**Collected data**
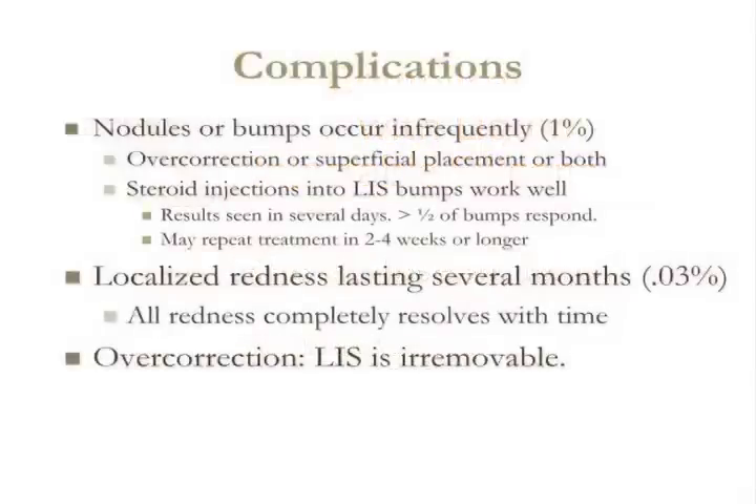Okay, complications. In my experience with over 1,300 procedures, nodules or bumps occur infrequently. In my hands, they occur about one in a hundred times. Why do they happen? They happen if I inadvertently inject the silicone too close to the surface of the skin or if I put in too much product.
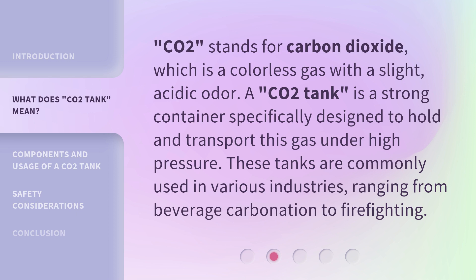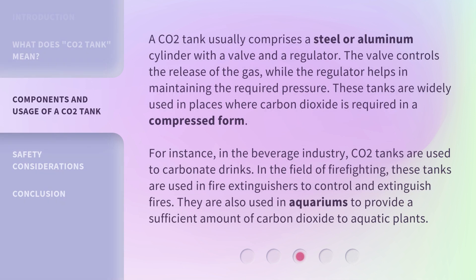These tanks are commonly used in various industries, ranging from beverage carbonation to firefighting. A CO2 tank usually comprises a steel or aluminum cylinder with a valve and a regulator. The valve controls the release of the gas, while the regulator helps in maintaining the required pressure.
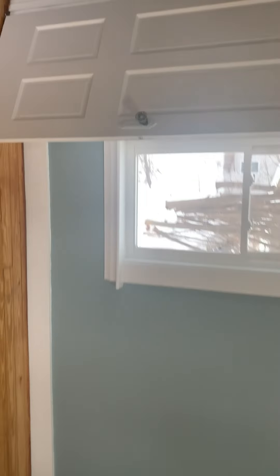Upstairs you've got a big master bedroom with two closets — plenty of storage space. There are windows on every side to allow for plenty of light, and a second deeper closet here as well.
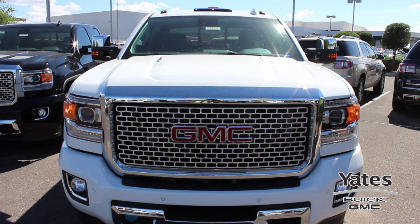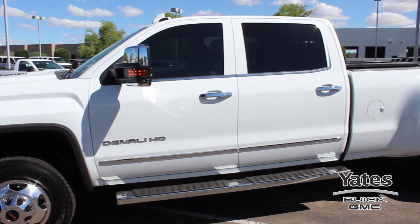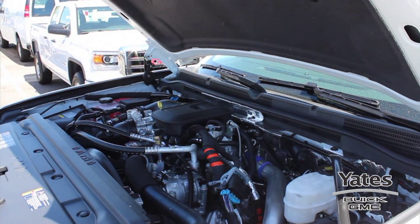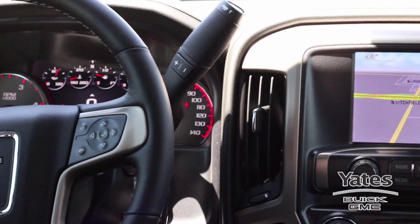Stop by today here at Yeats Buick GMC in Goodyear and check out this brand new 2015 GMC Sierra 3500 HD Denali Crew Cab. It has an automatic transmission and a Duramax 6.6 liter V8 turbo diesel. It also comes in a stunning summit white with a jet black leather interior.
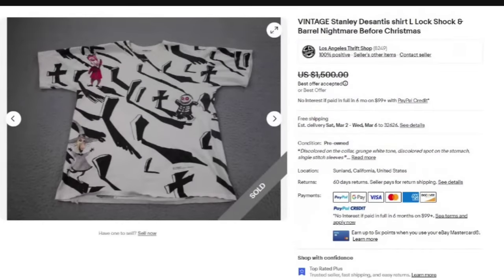I just found a vintage WWE t-shirt in the free box at a church sale that should sell for over $150. They are out there, but they are very, very rare — that is why they sell for so much. I will also tell you on these whether they are buy it now or auctions. So this is a vintage Stanley DeSantis t-shirt, size large, Lock, Shock, and Barrel — Nightmare Before Christmas.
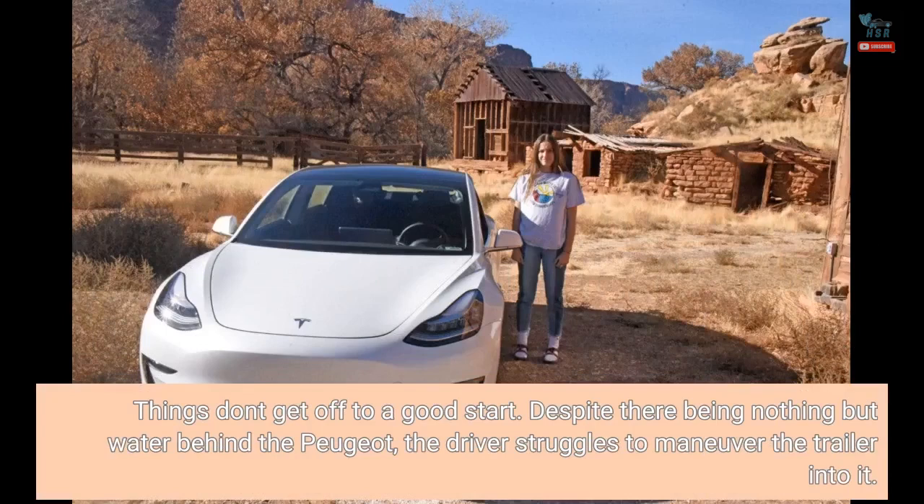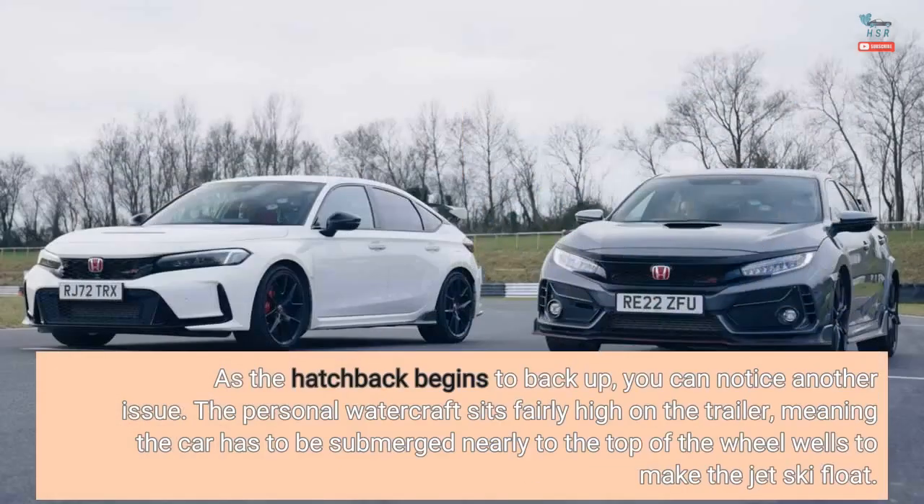Things don't get off to a good start. Despite there being nothing but water behind the Peugeot, the driver struggles to maneuver the trailer into it. As the hatchback begins to back up, you can notice another issue: the personal watercraft sits fairly high on the trailer, meaning the car has to be submerged nearly to the top of the wheel wells to make the jet ski float.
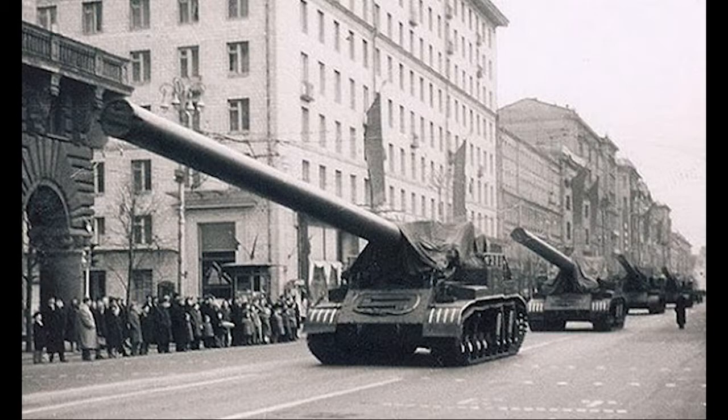The 2B1 Oka gun was unveiled to the world during the 1957 parade of the October Revolution on Red Square after passing all tests. The reaction from the outside world was mixed, with some journalists at the time assuming this new SPG was nothing more than a propaganda piece for the Soviets. However, the SPG would be continuously tested for the next two years, during which the system was improved to lessen the damaging effects on the vehicle.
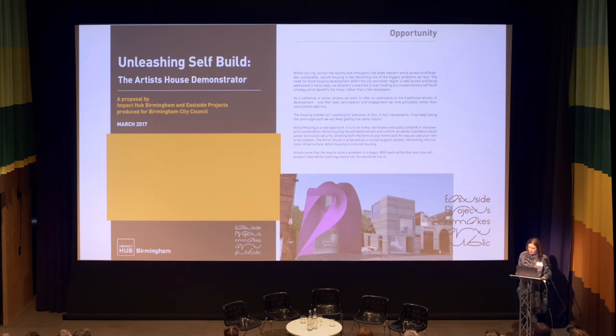It was proposing a culture-led solution to creating more housing stock in the city. We created it as an advocacy document and it's been used as such to try and affect policy change and thinking in city planning and development in Birmingham, but also elsewhere.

**TASK ITEM**
Go through the data and return every word of it verbatim, leaving out the pictures.

**FINAL ANSWER**
Okay, complications. In my experience with over 1,300 procedures, nodules or bumps occur infrequently. In my hands, they occur about one in a hundred times. Why do they happen? They happen if I inadvertently inject the silicone too close to the surface of the skin or if I put in too much product.
These tanks are commonly used in various industries, ranging from beverage carbonation to firefighting. A CO2 tank usually comprises a steel or aluminum cylinder with a valve and a regulator. The valve controls the release of the gas, while the regulator helps in maintaining the required pressure.
Upstairs you've got a big master bedroom with two closets — plenty of storage space. There are windows on every side to allow for plenty of light, and a second deeper closet here as well.
Stop by today here at Yeats Buick GMC in Goodyear and check out this brand new 2015 GMC Sierra 3500 HD Denali Crew Cab. It has an automatic transmission and a Duramax 6.6 liter V8 turbo diesel. It also comes in a stunning summit white with a jet black leather interior.
I just found a vintage WWE t-shirt in the free box at a church sale that should sell for over $150. They are out there, but they are very, very rare — that is why they sell for so much. I will also tell you on these whether they are buy it now or auctions. So this is a vintage Stanley DeSantis t-shirt, size large, Lock, Shock, and Barrel — Nightmare Before Christmas.
Things don't get off to a good start. Despite there being nothing but water behind the Peugeot, the driver struggles to maneuver the trailer into it. As the hatchback begins to back up, you can notice another issue: the personal watercraft sits fairly high on the trailer, meaning the car has to be submerged nearly to the top of the wheel wells to make the jet ski float.
The 2B1 Oka gun was unveiled to the world during the 1957 parade of the October Revolution on Red Square after passing all tests. The reaction from the outside world was mixed, with some journalists at the time assuming this new SPG was nothing more than a propaganda piece for the Soviets. However, the SPG would be continuously tested for the next two years, during which the system was improved to lessen the damaging effects on the vehicle.
It was proposing a culture-led solution to creating more housing stock in the city. We created it as an advocacy document and it's been used as such to try and affect policy change and thinking in city planning and development in Birmingham, but also elsewhere.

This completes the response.